Print a faithful copy of the data below, word for word, with the pictures left out.
== Data provided
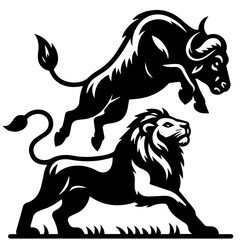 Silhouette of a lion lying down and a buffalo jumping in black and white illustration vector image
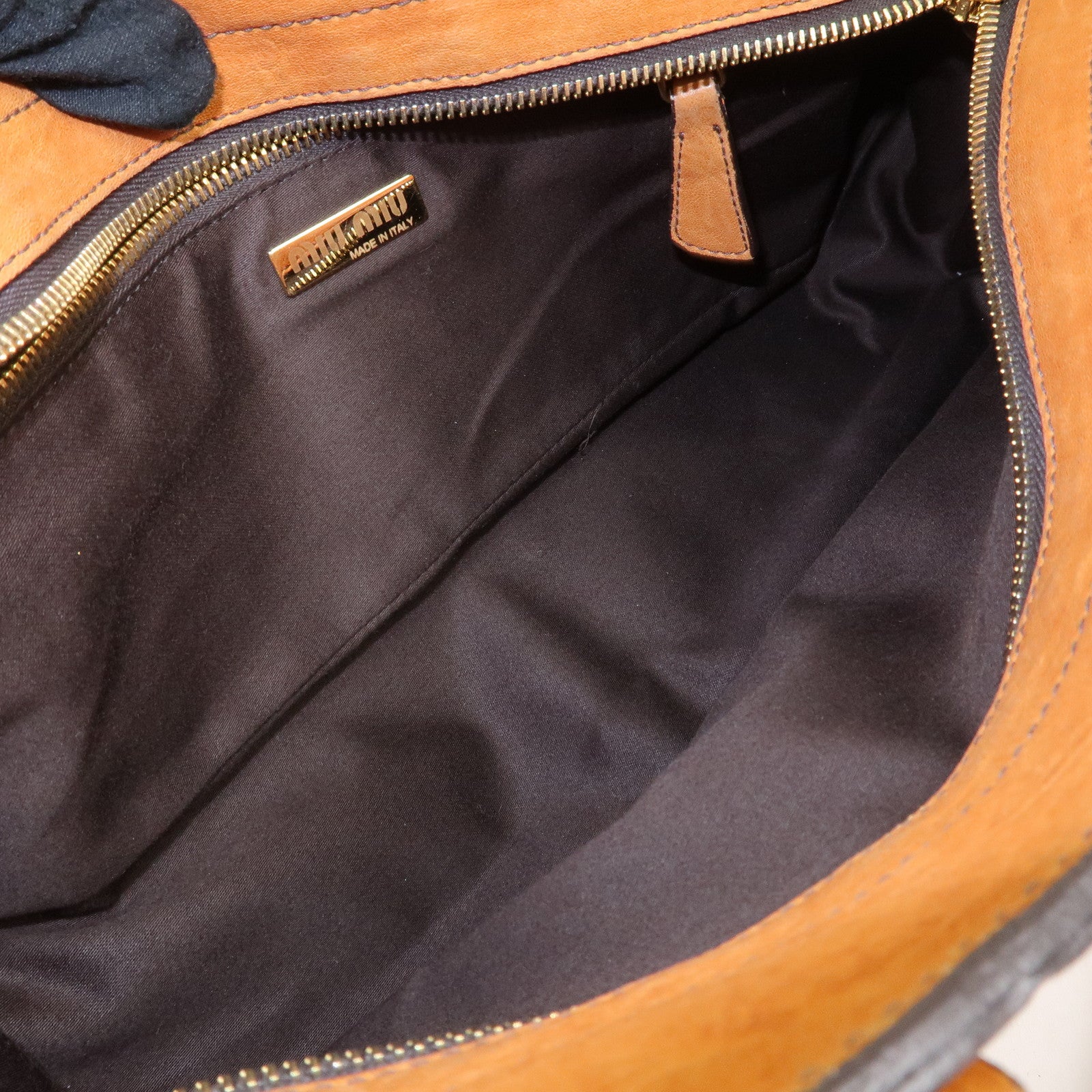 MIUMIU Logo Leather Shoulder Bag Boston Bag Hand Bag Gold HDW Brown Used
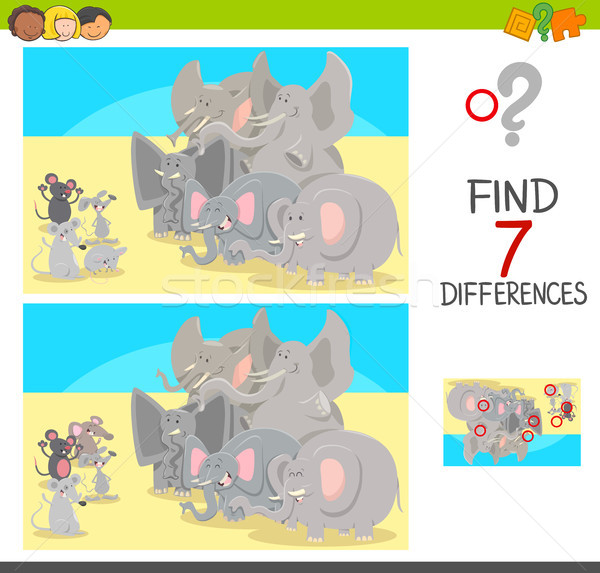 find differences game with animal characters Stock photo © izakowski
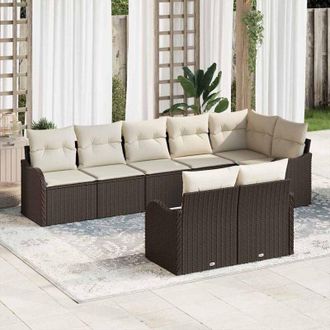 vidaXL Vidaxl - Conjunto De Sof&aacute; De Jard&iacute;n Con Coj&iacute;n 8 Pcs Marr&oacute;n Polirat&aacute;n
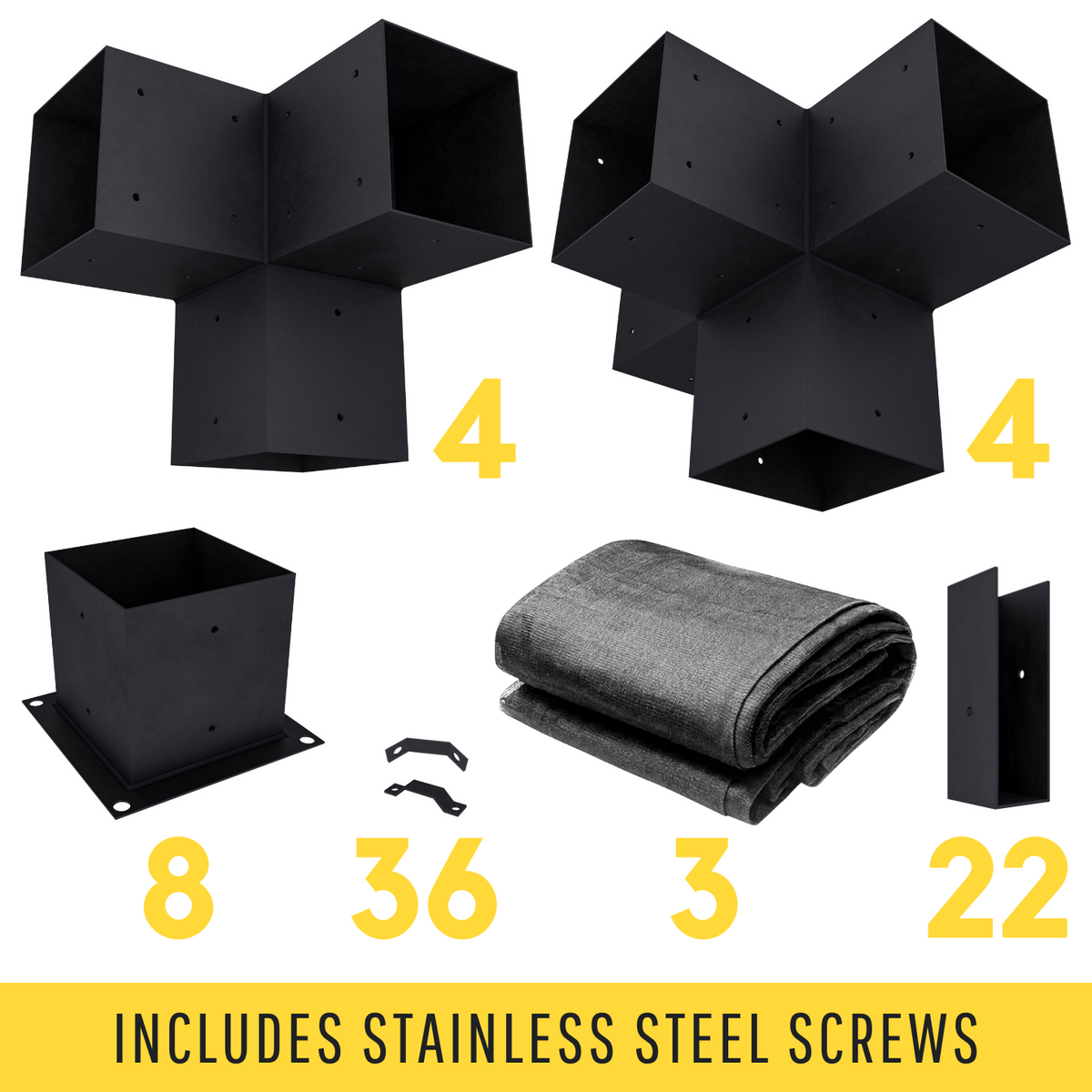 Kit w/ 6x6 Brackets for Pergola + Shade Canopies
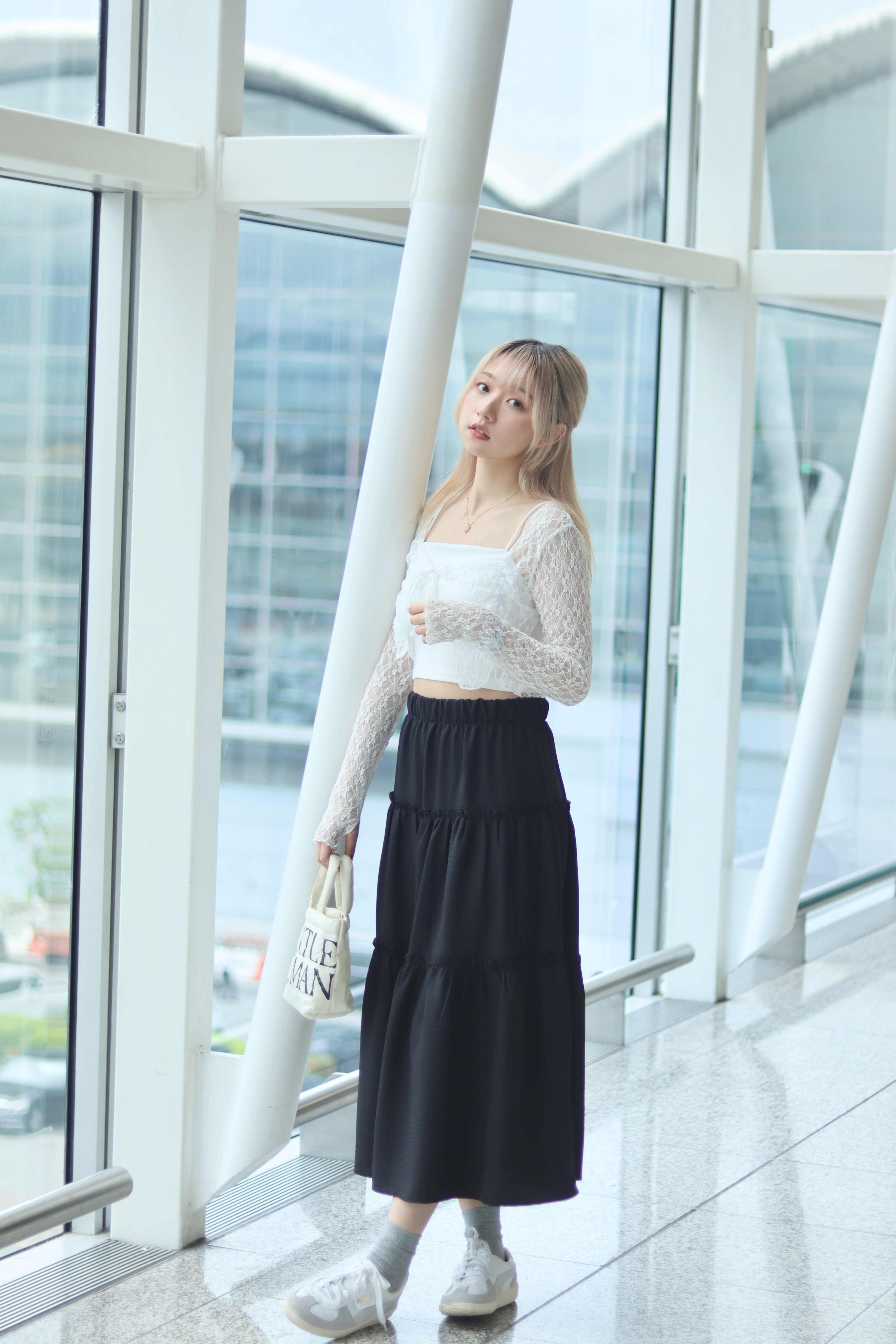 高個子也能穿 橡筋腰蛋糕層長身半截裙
====
▶ _The answer_:
 Silhouette of a lion lying down and a buffalo jumping in black and white illustration vector image
 MIUMIU Logo Leather Shoulder Bag Boston Bag Hand Bag Gold HDW Brown Used
 find differences game with animal characters Stock photo © izakowski
 vidaXL Vidaxl - Conjunto De Sof&aacute; De Jard&iacute;n Con Coj&iacute;n 8 Pcs Marr&oacute;n Polirat&aacute;n
 Kit w/ 6x6 Brackets for Pergola + Shade Canopies
 高個子也能穿 橡筋腰蛋糕層長身半截裙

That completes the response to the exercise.